# JimP's toyroom



## JimP (May 18, 2006)

Video displays are a 60" Sony Grand Vega III and a Panasonic AE700 front projector.

Audio stuff: B&K Ref 50 preamp with Rotel 1095 5x200 watts per channel amp and Rotel 991 2x200 watts per channel amp. Atlantic Technology 8200 speakers in a 7.1 configuration with center channel and 6 LRs for fronts, side and rear surrounds. Velodyne HGS-15 subwoofer with SMS-1 subwoofer equalizer and M&K V125 Sub (for rear of room) wired inline with rear surrounds.

Signal sources. Brighthouse Motorola 6412 phase 3 DVR, Voom (may it rest in peace) satellite/ansi receiver, Denon 5900 DVD player (SDI modified), Iscan HD + video processor, Panasonic PVR/DVD burner.

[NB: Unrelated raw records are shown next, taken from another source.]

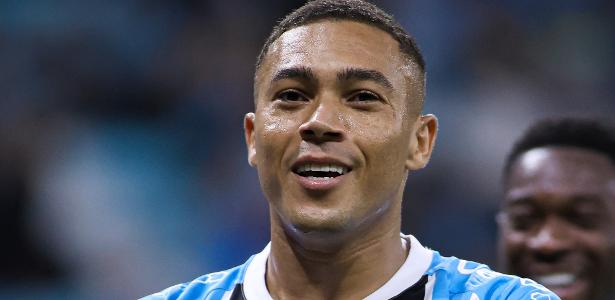 Grêmio recebe Bragantino em duelo chave pela 5ª rodada do Brasileiro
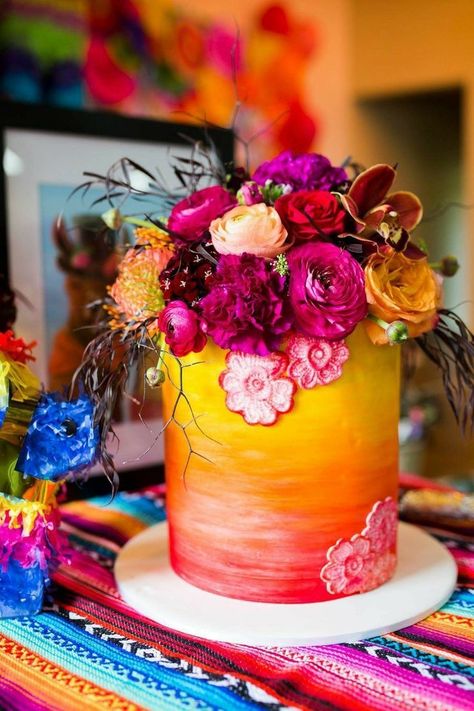 40th Fiesta Birthday Cake, Mexican Cake Ideas, Mexican Themed Cakes, Mexican Fiesta Cake, Colorful Wedding Cake, Cake Engagement, Mexican Theme Party Decorations, Mexican Wedding Cake, Fiesta Cake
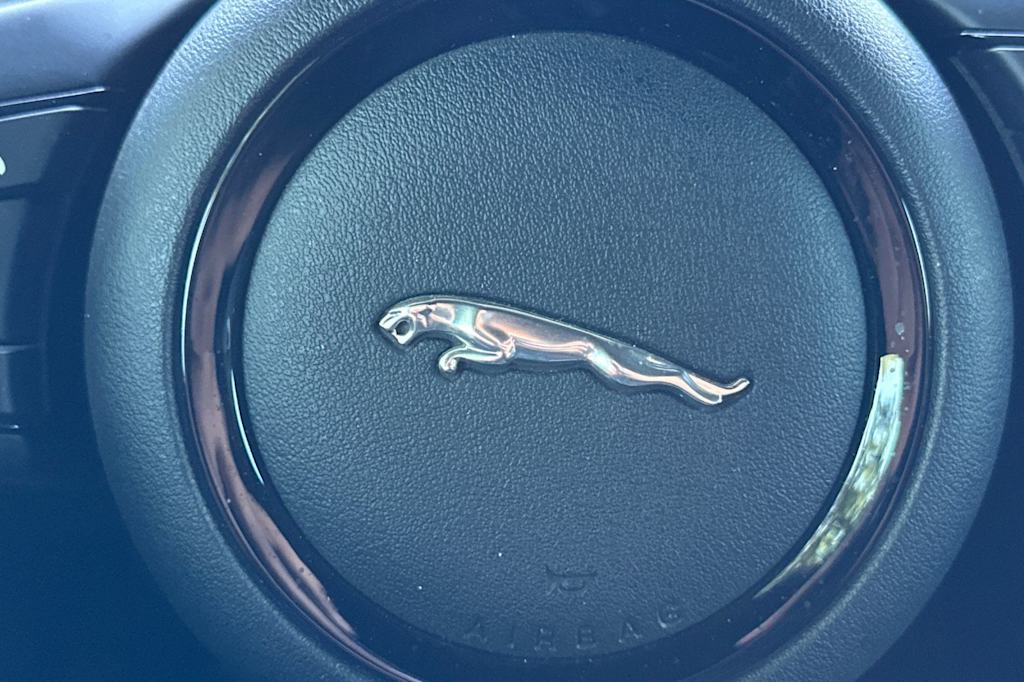 Thumbnail: 2020 Jaguar F-Type - 6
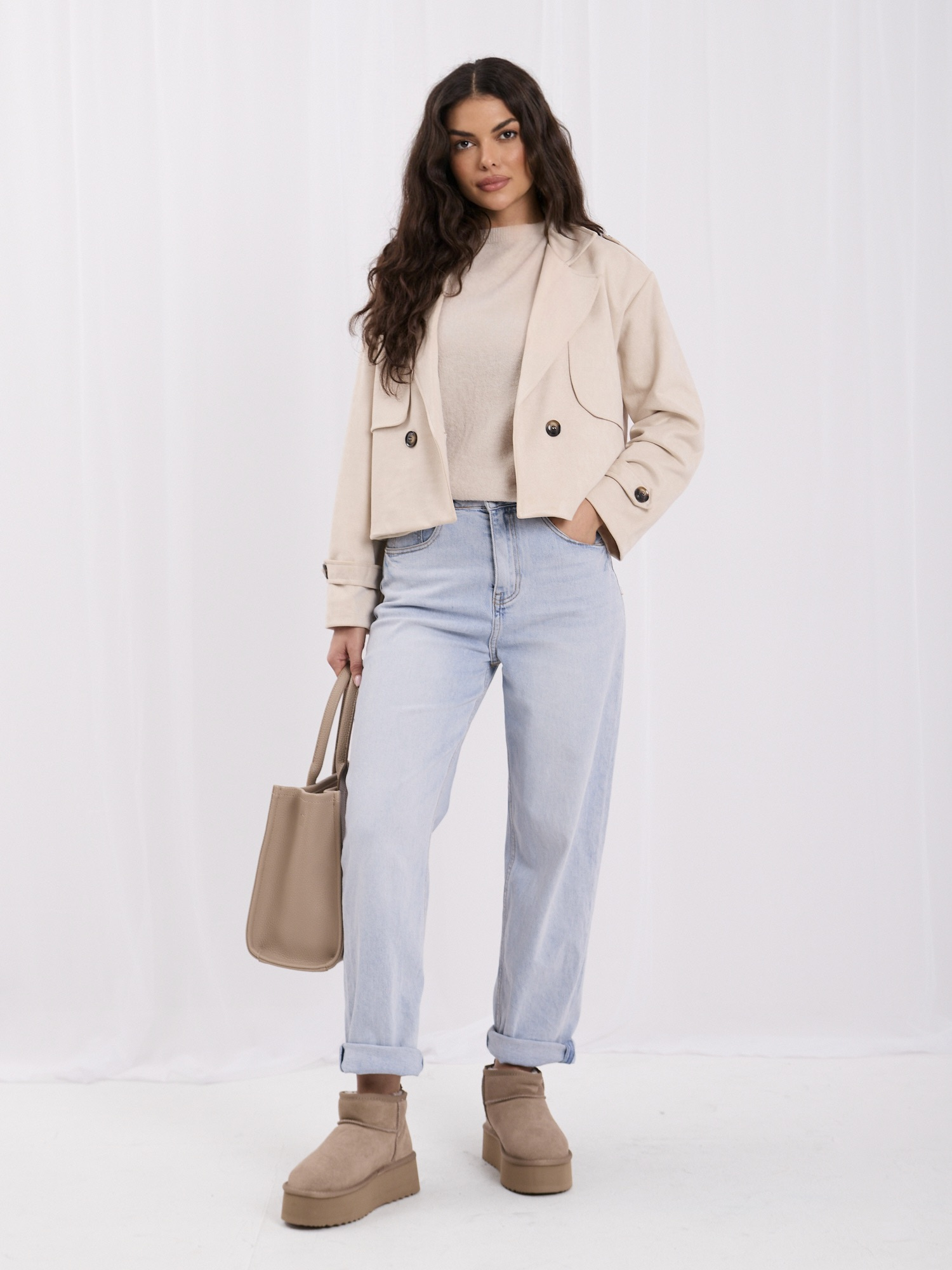Helle beige kurze Jacke mit Wildleder-Effekt.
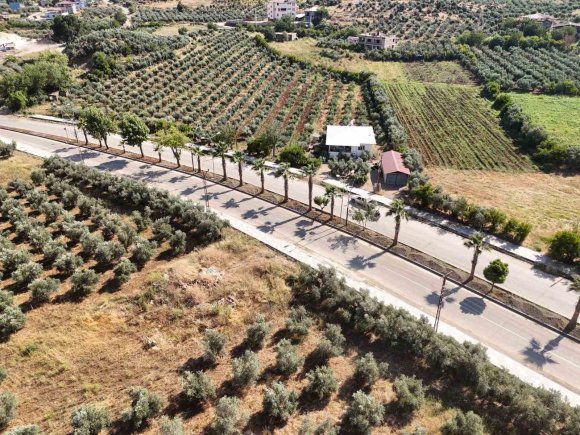 HBB, HASSA’DA PRESTİJ CADDE ÇALIŞMALARINI SÜRDÜRÜYOR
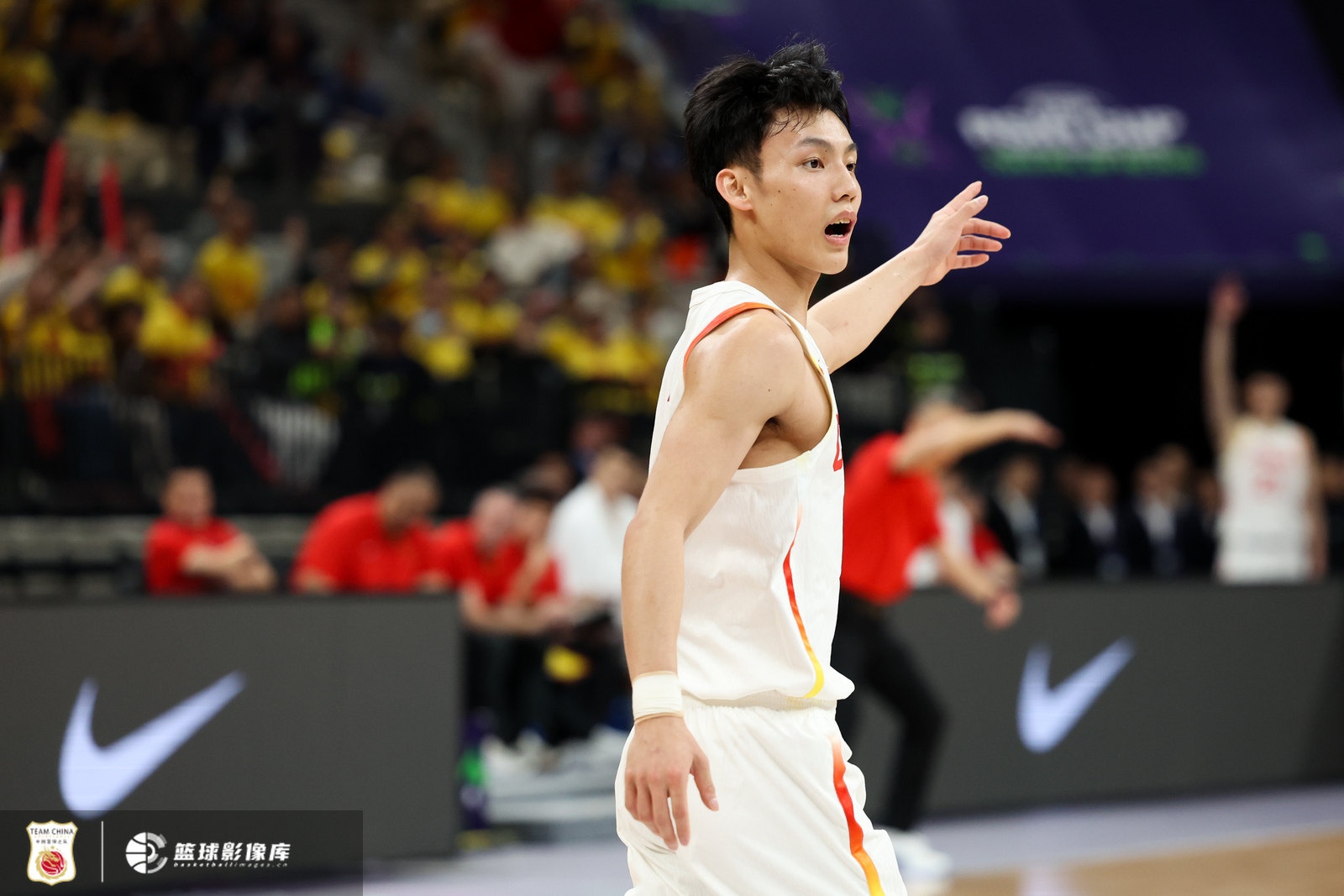 首發(fā)出戰(zhàn)不在狀態(tài)！徐杰全場3中0沒得分 拿到3板1助2斷另2失誤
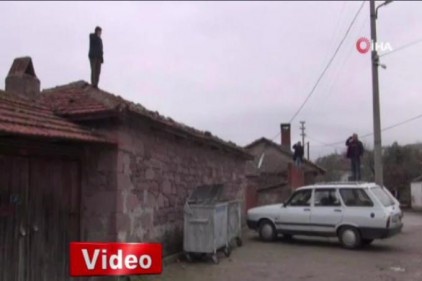 Telefonla konuşabilmek için cambazlık yapıyorlar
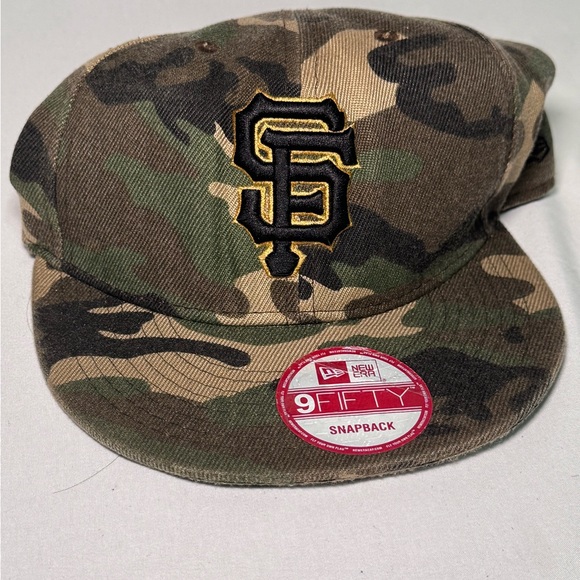 SAN FRANCISCO GIANTS SNAPBACK HAT. ARMED FORCES DAY CAMO CAP 9FIFTY NEW ERA FITS - Picture 1 of 4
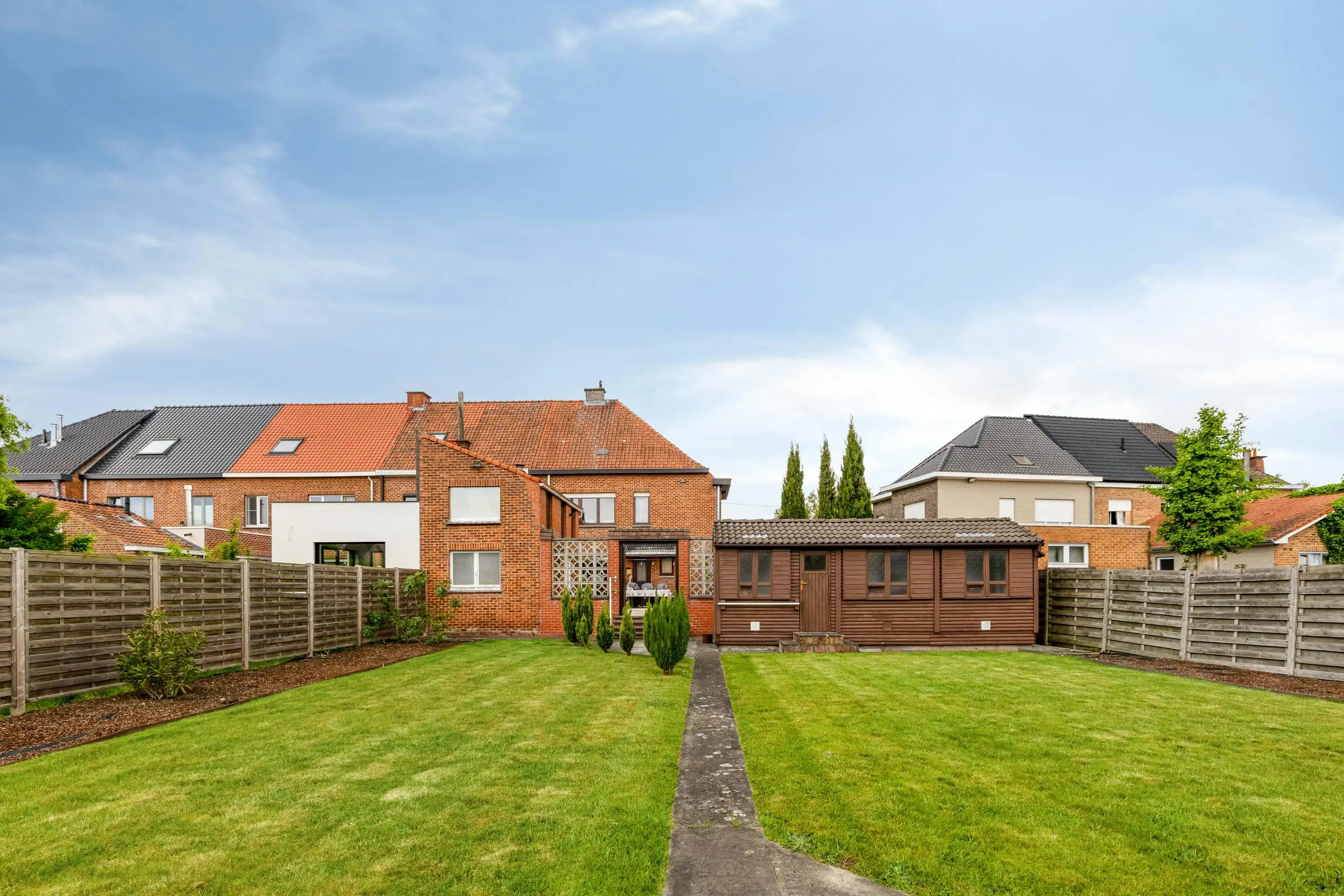 Ruime woning met 3 slaapkamers en grote tuin te koop! foto 2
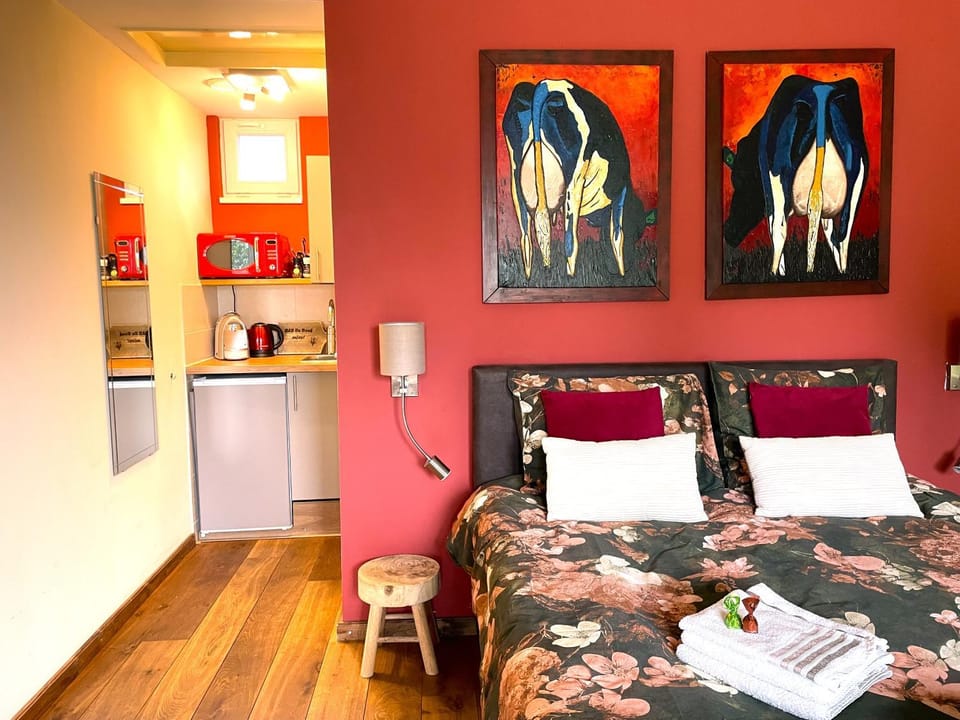 Bed, kitchen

Panamax power conditioner.

Accupel HD signal generator.

....and a firm belief that calibration does matter. :T


----------



## Sonnie (Apr 11, 2006)

After seeing and hearing... I'm a believer... nice system Jim!


----------



## Phil M (Apr 19, 2006)

Jim, I bought my projector from a dealer that did a special calibration deal last year, and they came back with the view that the AE700 (when calibrated) gave one of the best projected images available without spending significantly more money :sn: 
The company is Nine3Media, based in Minnesota - can't seem to find them anymore, maybe they've closed, but great people to deal with.


----------



## JimP (May 18, 2006)

Phil,

For the price point and picture quality, the AE700 is tough to beat.


----------